◆ **DIRECTIONS**
Within the entries below, find the portion that opens with the line containing "3D Glow in The" and closes with the line containing "SBF factory OmegaSeamaster1:1super". Retype that portion exactly and only.

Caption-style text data

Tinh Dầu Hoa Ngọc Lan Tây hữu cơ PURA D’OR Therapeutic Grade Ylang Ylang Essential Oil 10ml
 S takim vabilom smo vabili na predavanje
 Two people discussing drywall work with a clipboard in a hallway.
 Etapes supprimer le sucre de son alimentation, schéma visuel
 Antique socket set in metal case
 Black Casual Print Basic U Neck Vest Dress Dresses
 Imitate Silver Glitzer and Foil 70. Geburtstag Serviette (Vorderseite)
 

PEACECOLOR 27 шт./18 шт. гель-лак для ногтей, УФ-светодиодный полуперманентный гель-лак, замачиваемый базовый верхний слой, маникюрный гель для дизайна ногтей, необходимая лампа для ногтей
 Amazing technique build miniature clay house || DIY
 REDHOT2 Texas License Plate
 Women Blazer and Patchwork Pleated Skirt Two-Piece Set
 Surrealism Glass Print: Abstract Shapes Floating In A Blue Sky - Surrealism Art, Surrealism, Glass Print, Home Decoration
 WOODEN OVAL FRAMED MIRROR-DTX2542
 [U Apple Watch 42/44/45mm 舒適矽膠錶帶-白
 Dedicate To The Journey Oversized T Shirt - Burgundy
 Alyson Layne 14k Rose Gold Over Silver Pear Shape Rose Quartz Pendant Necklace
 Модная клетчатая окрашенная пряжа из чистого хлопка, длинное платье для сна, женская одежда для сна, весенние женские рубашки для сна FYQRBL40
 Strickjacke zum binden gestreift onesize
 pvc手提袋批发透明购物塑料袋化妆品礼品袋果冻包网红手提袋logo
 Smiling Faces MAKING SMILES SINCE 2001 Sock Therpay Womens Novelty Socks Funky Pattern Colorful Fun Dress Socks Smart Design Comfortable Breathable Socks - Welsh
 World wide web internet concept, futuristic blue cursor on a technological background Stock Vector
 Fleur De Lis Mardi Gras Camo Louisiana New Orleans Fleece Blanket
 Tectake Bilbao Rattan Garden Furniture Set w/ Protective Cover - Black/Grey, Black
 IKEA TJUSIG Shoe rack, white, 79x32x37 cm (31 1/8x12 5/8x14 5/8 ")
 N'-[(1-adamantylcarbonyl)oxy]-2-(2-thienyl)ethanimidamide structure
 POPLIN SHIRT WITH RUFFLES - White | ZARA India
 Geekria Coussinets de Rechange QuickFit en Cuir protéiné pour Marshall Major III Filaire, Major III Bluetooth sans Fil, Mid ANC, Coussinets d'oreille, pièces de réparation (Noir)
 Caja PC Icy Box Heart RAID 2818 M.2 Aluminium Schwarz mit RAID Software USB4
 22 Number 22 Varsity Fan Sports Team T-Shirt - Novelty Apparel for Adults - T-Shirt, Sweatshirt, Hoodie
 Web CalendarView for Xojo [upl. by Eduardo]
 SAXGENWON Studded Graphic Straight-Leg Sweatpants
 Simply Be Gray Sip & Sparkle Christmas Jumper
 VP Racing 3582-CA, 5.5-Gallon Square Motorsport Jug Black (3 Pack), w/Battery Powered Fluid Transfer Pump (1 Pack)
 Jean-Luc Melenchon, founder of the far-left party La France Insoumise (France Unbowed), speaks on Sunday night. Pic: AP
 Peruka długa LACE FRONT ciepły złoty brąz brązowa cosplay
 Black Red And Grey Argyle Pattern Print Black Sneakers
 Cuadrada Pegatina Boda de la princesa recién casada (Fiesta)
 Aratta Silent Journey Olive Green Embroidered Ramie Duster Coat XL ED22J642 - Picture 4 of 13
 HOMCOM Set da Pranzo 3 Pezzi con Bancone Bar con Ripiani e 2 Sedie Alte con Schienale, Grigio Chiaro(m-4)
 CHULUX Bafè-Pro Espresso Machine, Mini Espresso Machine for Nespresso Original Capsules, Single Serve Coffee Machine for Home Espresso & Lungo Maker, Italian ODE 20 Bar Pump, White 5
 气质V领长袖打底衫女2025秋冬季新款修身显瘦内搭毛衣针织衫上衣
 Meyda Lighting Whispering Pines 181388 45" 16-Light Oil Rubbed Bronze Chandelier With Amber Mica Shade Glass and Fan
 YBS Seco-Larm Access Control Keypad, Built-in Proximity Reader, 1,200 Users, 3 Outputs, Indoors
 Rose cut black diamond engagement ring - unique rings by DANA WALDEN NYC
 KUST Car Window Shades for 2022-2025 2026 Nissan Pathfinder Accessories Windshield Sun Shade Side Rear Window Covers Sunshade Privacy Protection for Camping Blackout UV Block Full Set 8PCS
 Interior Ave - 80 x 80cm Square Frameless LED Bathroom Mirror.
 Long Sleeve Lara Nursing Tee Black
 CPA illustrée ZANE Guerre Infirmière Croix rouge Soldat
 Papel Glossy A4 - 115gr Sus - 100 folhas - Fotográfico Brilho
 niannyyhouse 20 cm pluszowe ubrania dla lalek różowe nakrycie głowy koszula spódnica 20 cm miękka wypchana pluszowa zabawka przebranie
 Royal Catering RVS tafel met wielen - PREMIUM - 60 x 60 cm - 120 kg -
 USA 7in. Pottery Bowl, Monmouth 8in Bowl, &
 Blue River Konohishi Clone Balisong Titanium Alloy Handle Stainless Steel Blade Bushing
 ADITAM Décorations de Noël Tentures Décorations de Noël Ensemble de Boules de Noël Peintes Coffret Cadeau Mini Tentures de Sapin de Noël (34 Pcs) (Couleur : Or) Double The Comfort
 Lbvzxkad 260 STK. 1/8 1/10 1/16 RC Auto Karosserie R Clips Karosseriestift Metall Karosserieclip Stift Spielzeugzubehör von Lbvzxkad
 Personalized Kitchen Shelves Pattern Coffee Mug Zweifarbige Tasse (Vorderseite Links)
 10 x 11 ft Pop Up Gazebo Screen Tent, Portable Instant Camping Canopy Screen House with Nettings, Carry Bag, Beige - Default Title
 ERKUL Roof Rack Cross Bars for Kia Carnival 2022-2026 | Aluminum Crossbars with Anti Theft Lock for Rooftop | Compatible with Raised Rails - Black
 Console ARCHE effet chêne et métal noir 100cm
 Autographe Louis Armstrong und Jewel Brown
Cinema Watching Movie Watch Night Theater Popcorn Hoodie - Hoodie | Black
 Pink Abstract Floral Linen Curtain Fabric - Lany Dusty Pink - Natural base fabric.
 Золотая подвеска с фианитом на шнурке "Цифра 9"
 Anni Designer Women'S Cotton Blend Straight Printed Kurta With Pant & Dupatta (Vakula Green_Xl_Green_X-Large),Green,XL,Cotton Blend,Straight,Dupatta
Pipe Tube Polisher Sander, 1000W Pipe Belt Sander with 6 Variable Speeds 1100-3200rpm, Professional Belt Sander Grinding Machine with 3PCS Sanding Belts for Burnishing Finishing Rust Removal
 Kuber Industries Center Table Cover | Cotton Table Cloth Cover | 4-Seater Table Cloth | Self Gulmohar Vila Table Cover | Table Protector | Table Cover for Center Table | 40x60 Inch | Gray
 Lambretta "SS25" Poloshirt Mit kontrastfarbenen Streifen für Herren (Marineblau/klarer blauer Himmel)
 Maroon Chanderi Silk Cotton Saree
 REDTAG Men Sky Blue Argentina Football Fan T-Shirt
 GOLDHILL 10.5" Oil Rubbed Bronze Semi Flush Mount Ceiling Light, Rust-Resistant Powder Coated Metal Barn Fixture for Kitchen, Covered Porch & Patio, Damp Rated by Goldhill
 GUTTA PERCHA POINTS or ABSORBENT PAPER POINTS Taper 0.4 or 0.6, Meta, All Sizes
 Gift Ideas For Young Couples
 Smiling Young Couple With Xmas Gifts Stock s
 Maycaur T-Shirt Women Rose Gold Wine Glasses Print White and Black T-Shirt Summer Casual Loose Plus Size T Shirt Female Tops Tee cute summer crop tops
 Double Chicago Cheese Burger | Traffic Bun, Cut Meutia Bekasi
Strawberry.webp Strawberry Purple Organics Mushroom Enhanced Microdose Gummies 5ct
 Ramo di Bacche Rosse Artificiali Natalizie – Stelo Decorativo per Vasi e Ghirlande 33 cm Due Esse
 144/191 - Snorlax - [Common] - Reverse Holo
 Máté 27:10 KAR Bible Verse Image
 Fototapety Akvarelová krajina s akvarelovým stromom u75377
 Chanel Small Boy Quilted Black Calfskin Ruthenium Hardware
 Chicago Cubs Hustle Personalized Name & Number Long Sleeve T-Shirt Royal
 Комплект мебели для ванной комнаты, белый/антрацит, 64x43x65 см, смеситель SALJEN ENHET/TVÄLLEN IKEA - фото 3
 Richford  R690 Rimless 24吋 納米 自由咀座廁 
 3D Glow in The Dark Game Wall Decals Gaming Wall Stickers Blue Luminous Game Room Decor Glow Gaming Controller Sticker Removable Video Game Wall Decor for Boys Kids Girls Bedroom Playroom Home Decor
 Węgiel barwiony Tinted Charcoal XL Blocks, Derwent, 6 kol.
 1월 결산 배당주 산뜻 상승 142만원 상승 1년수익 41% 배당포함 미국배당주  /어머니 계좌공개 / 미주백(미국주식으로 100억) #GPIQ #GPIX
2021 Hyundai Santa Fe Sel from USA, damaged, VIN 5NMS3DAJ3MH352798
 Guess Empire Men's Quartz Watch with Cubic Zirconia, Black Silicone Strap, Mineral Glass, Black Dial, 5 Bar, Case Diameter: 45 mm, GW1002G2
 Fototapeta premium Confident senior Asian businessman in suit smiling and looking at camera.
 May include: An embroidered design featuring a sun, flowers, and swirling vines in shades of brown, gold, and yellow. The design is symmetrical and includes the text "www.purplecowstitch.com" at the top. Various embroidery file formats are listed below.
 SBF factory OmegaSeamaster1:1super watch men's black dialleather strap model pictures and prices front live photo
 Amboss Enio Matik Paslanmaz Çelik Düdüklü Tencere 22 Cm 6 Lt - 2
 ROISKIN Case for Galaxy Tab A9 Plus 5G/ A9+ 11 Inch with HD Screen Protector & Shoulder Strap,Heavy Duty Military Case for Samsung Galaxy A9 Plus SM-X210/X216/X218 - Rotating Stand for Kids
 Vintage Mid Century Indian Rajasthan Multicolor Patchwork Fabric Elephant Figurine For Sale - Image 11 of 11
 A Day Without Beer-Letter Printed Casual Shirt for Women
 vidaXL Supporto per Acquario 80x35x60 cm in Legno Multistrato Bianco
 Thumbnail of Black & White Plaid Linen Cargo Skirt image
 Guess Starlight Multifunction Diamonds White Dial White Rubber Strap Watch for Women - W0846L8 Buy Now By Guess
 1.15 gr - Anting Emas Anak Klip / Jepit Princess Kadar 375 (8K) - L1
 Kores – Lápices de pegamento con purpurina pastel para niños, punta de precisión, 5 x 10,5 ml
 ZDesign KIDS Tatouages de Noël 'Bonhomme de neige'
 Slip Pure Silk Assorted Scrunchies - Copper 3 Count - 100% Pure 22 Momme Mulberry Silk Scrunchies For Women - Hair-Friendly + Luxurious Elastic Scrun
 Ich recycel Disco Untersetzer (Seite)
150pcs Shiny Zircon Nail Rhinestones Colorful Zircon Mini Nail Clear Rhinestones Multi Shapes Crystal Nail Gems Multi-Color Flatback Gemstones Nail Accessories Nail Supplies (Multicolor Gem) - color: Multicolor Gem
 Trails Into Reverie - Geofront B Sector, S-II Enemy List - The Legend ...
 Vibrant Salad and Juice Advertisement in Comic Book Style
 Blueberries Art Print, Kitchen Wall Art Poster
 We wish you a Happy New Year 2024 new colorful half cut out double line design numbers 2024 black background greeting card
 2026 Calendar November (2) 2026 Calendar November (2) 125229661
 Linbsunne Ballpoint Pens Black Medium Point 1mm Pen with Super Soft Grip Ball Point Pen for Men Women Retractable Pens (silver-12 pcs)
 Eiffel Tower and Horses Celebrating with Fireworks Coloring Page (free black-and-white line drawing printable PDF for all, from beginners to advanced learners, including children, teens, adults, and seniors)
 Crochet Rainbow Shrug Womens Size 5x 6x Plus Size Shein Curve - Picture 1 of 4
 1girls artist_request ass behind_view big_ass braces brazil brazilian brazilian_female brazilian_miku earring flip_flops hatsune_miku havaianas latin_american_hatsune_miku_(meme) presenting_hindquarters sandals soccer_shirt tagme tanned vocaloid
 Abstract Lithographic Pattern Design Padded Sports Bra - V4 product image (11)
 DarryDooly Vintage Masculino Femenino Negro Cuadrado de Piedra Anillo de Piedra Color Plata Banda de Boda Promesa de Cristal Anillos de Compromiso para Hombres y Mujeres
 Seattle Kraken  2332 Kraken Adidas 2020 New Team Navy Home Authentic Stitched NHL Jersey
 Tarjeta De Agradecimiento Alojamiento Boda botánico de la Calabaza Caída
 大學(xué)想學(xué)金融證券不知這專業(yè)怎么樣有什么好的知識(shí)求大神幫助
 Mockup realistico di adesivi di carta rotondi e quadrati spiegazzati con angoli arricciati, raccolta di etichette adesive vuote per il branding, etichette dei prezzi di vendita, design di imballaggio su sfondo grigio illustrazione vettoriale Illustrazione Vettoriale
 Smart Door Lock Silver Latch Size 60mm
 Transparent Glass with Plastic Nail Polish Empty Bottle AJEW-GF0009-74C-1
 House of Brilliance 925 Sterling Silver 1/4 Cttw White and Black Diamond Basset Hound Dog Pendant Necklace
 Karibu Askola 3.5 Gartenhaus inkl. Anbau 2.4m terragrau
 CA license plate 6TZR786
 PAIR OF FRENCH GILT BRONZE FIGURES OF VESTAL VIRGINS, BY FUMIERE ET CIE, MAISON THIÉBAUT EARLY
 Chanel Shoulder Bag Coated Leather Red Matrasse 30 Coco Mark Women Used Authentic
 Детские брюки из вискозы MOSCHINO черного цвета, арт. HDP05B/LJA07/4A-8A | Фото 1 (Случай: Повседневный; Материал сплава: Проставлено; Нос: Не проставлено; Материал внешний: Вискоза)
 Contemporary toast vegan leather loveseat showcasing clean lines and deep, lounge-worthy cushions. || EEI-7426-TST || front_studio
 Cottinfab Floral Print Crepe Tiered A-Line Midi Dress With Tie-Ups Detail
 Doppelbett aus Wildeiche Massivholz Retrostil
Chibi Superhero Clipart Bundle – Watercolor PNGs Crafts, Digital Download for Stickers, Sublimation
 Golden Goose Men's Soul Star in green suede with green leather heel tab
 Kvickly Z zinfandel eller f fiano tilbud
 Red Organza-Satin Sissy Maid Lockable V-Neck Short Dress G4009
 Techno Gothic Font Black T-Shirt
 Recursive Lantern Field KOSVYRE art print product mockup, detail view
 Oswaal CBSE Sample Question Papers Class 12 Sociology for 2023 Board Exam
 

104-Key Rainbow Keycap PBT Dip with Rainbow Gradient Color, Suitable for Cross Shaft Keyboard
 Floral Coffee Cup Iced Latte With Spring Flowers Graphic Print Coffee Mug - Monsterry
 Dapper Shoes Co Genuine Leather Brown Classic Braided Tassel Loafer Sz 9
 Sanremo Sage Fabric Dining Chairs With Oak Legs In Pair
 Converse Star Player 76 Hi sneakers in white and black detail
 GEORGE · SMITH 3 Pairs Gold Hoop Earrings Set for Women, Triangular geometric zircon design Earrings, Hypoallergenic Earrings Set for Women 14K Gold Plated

◆ **WRITTEN RESPONSE**
 3D Glow in The Dark Game Wall Decals Gaming Wall Stickers Blue Luminous Game Room Decor Glow Gaming Controller Sticker Removable Video Game Wall Decor for Boys Kids Girls Bedroom Playroom Home Decor
 Węgiel barwiony Tinted Charcoal XL Blocks, Derwent, 6 kol.
 1월 결산 배당주 산뜻 상승 142만원 상승 1년수익 41% 배당포함 미국배당주  /어머니 계좌공개 / 미주백(미국주식으로 100억) #GPIQ #GPIX
2021 Hyundai Santa Fe Sel from USA, damaged, VIN 5NMS3DAJ3MH352798
 Guess Empire Men's Quartz Watch with Cubic Zirconia, Black Silicone Strap, Mineral Glass, Black Dial, 5 Bar, Case Diameter: 45 mm, GW1002G2
 Fototapeta premium Confident senior Asian businessman in suit smiling and looking at camera.
 May include: An embroidered design featuring a sun, flowers, and swirling vines in shades of brown, gold, and yellow. The design is symmetrical and includes the text "www.purplecowstitch.com" at the top. Various embroidery file formats are listed below.
 SBF factory OmegaSeamaster1:1super watch men's black dialleather strap model pictures and prices front live photo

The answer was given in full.